Most important perhaps is that new media like Substack are in direct competition with traditional newpapers like the NYT. Coase's great insight (in: The Nature of the Firm, 1937) was that firms exist in order to reap economies of scale. Traditional newspapers reaped economies of scale from printing, paper distribution, subscriber and advertiser management. Essentially all of this is gone. What modern newspaper scale on is branding, and and selling influence, but this is in direct contradiction with strong journalists' interest (who do not like to be told by their editors what to write and how). Until recently, top journalists could not go alone, since they lacked the expertise to handle monetisation of their writing.
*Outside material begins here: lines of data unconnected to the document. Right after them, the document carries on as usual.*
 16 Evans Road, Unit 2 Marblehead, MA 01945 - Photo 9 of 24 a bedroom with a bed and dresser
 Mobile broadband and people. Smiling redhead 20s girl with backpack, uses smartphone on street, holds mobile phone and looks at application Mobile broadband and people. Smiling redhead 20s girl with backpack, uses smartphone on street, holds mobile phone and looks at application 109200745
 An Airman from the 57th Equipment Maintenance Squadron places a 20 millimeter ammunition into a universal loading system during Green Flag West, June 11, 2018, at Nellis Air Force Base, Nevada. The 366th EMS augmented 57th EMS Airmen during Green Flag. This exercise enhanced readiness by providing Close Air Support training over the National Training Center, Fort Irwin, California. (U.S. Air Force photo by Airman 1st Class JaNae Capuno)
This changed with the likes of Substack, which centralises (automates) subscriber management, and technical infrastructure, but without editorship. Hence, top writers are increasingly moving away from traditional newspapers to something like Substack, with Greenwald and Scott Siskind being two high-profile examples. They won't be the last.

Newspapers see the writing on the wall and fight back.

3 comments

>What modern newspaper scale on is branding

Things like integrity and trust matter more than ever, so the idea that newspapers would jeopardize that to get back at a somewhat meaningless scoop is pathetic.
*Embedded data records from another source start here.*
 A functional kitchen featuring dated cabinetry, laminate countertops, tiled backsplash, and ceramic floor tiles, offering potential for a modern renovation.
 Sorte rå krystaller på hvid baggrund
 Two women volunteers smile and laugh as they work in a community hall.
The time will soon come when we cannot trust anything we don't see with our own eyes, and we will then need to have a web of trust with reliable sources.

Newspapers can still capitalize on being a source of trust and truth, if they don't fuck it up.
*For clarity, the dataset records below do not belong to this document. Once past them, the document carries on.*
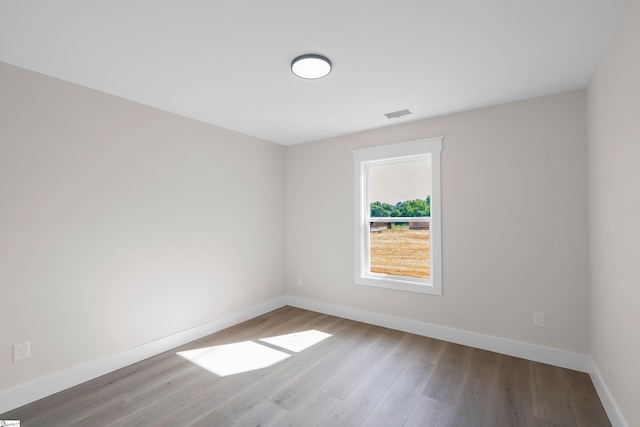 empty room with wood-type flooring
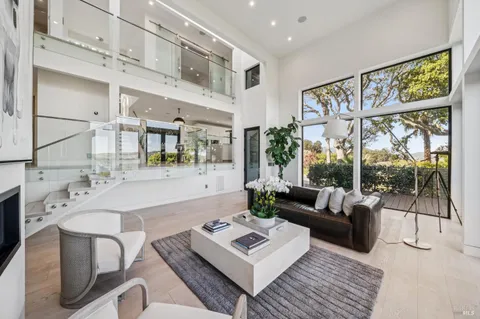 a bedroom with a bed and a painting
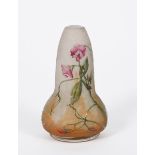 An Art Nouveau Daum Nancy enamelled glass vase, ovoid with tapering cylindrical neck, enamelled with
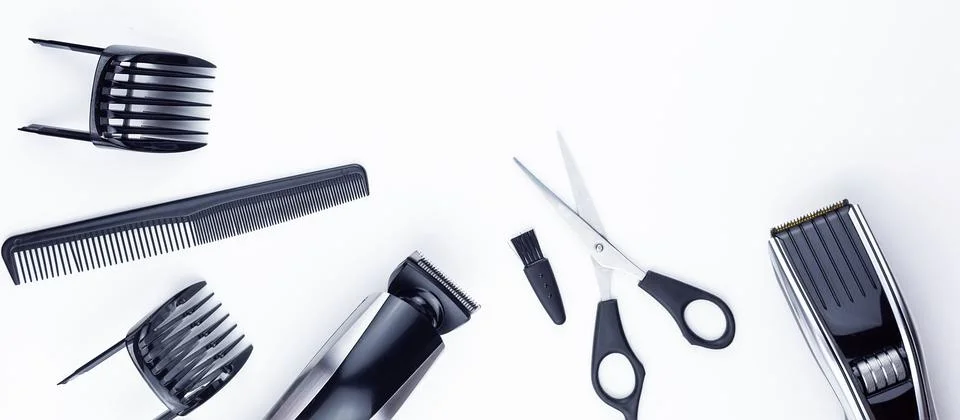 Scissors and combs on white Stock Photos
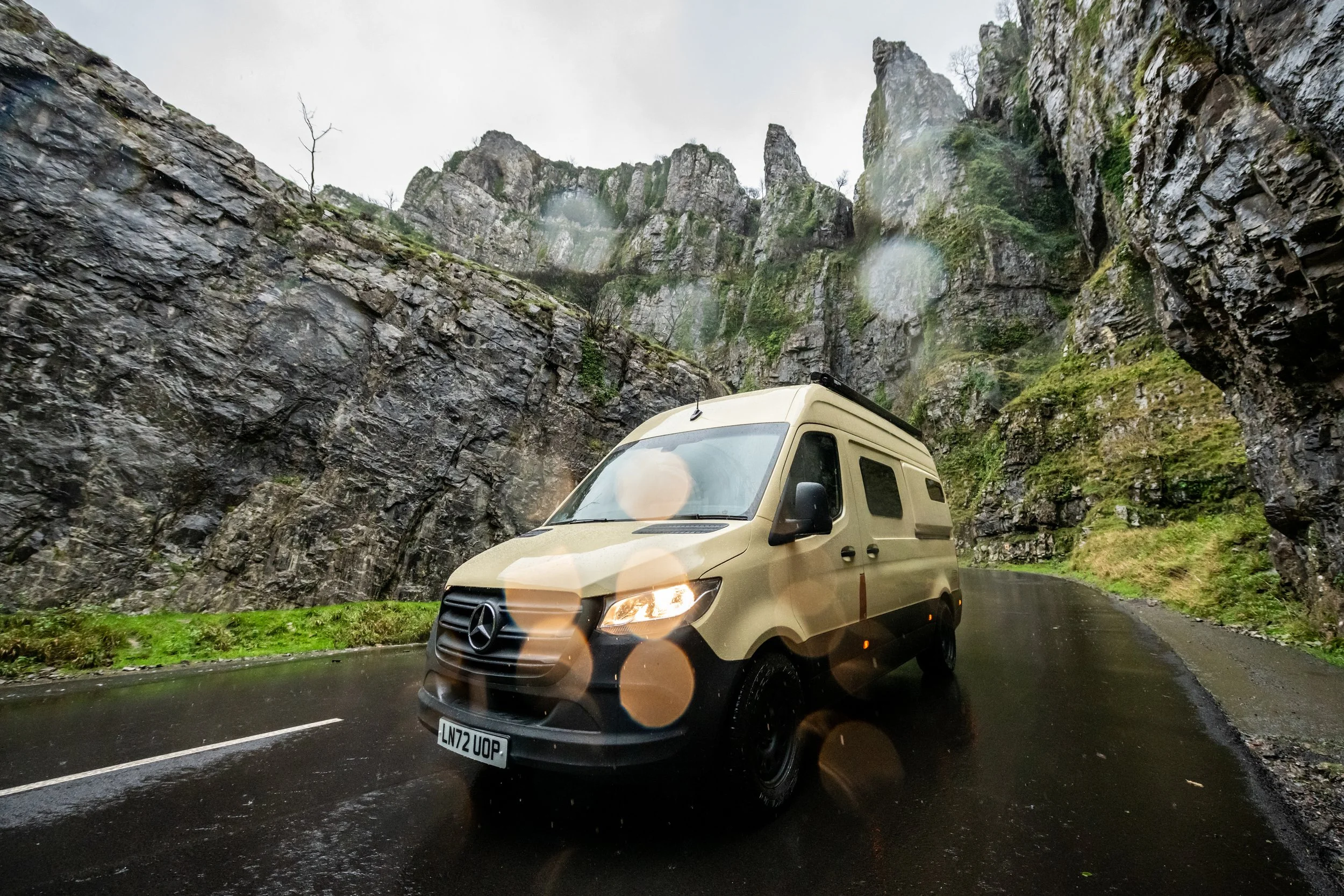 Fern campervan driving through a steep-sided gorge on a wet winter day, demonstrating confident all-weather touring.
Of course, the NYT is still pretty reliable on citations of fact, even if their slant is worse than it should be.

I don't know, the more I think about it the less sense it makes. I wonder if we can apply Hanlon's Razor[1] and say it was just a poorly researched article. If the author did some brief googling for things people have said about Scott and his blog, they'll find other people who have quoted him out of context. For the example of "feminists are voldemort", Scott did mention that he's been quoted out of context lots of times on that line so it should show up lots of time on the internet. It might have been a sloppy re-quote instead of original research. Maybe it wasn't so much a hit-piece as a reflection of the easy-to-find popular trends of discussion about Scott's writing. In that case the NYT piece was very irresponsible, but not really malicious.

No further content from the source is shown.